Russia cuts off European gas supply
Russia has indefinitely suspended delivery of natural gas through the Nord Stream 1 pipeline, which supplies Europe and is operated by Russia’s state-owned Gazprom. The company blames ‘maintenance issues’ for the suspension, but many believe it is retaliation against the G7’s decision to impose a price cap on Russian oil to limit the Putin regime’s access to revenue.
European countries’ gas storage facilities are now 80% full. However, this would last only around 80 days at average winter temperatures, raising the possibility that European countries may have to ration energy and reduce production if gas supplies from Russia do not resume.
It is unlikely that consumer gas prices will abate without further multilateral intervention or an end to the war. Although gas occurs naturally in abundance, it is capital intensive to extract and transport, and low investment in the industry has left Europe reliant on Russian gas pipelines. Europe imports 80% of its gas, 45% of which comes from Russia, and alternative supplies via pipelines from Norway, the UK and Africa are already running at full capacity. Europe lacks infrastructure for receiving and storing large amounts of liquefied natural gas (LNG).
In a show of strength, OPEC+ has cut oil production to shore up prices, which fell below $100 per barrel due to weaker demand from China and fears of an impending recession in Europe. The move to cut 100,000 barrels a day (equivalent to 0.1% of daily demand) from October reverses a production increase agreed last month following President Biden’s appeals when visiting Saudi Arabia. OPEC+ includes Russia and also US allies who are reluctant to accept President Biden’s demands.
Victorious Truss faces a daunting inbox
Liz Truss’s election by Conservative Party members as the UK’s new prime minister was widely expected, but her 57% to 43% majority was lower than most pollsters predicted.

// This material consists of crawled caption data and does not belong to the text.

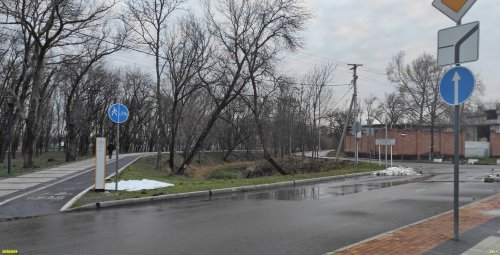 Территория перспективного расширения ООПТ местного значения Городская роща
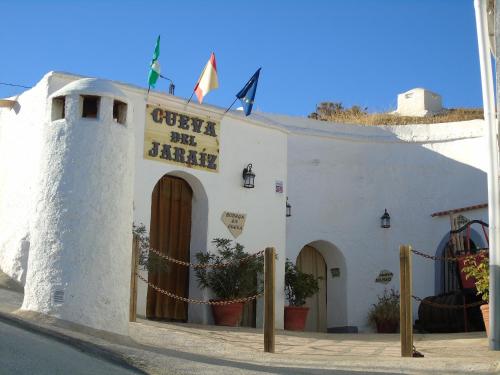 Bejárat, Cueva El Jaraiz in Guadix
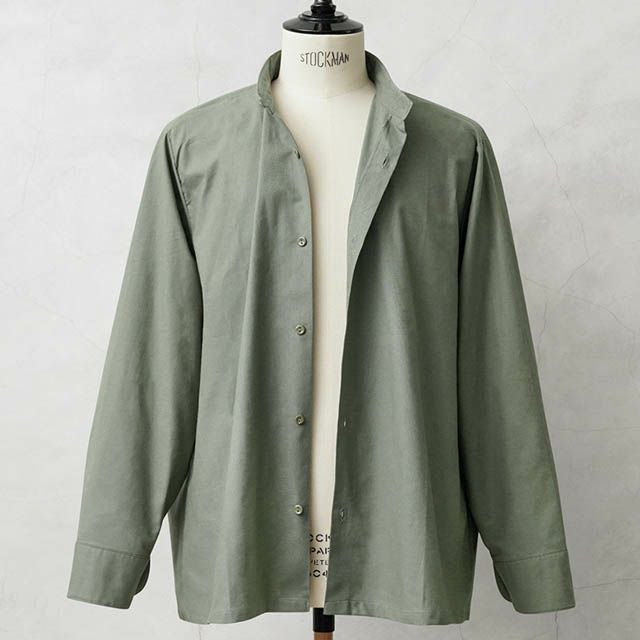 MILITARY【DEAD STOCK】チェコ軍 M-21 リメイク ユーティリティーシャツ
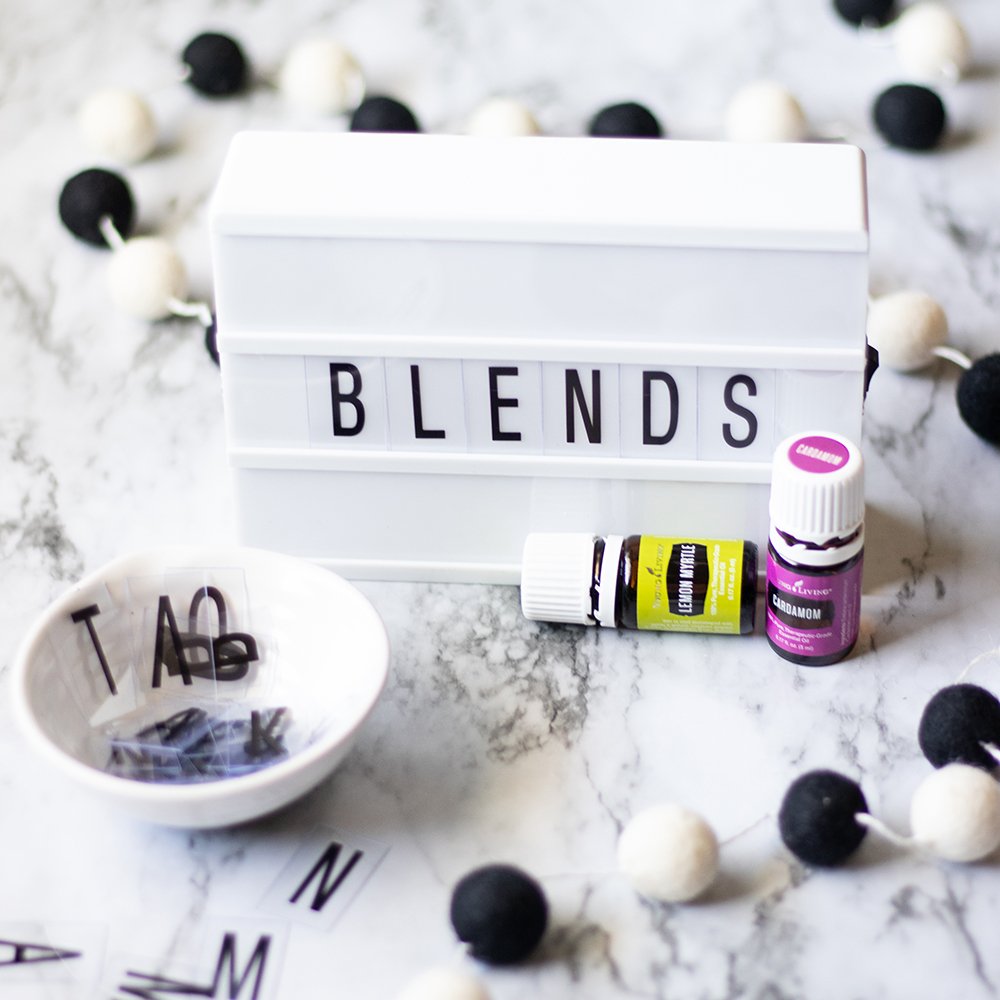 Essential Oil Blending Wheel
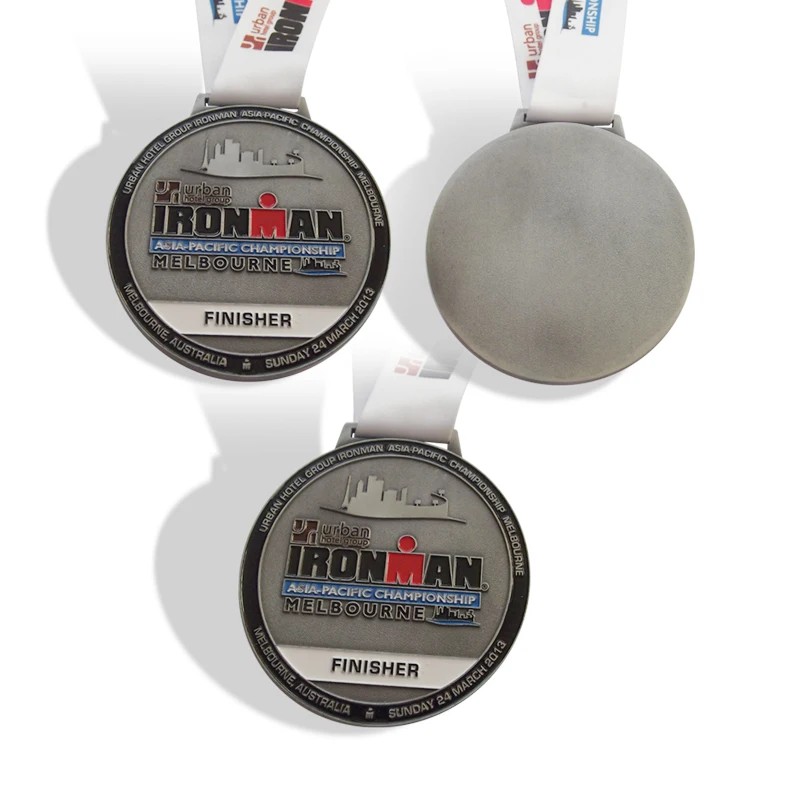Manufacturer Medal Custom Medallion Medal Running Finisher Metal Custom Sports Medals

The new prime minister will need to hit the ground running to deal with the pressure that energy price increases are placing on households and businesses. The UK’s energy price cap for households is designed to protect consumers by reflecting wholesale gas prices and capping utility companies’ profits at 1.9%. However, the dramatic increase in wholesale prices seen since Russia’s invasion of Ukraine has already caused a 54% rise in energy prices this year, with a further 80% increase to come in October.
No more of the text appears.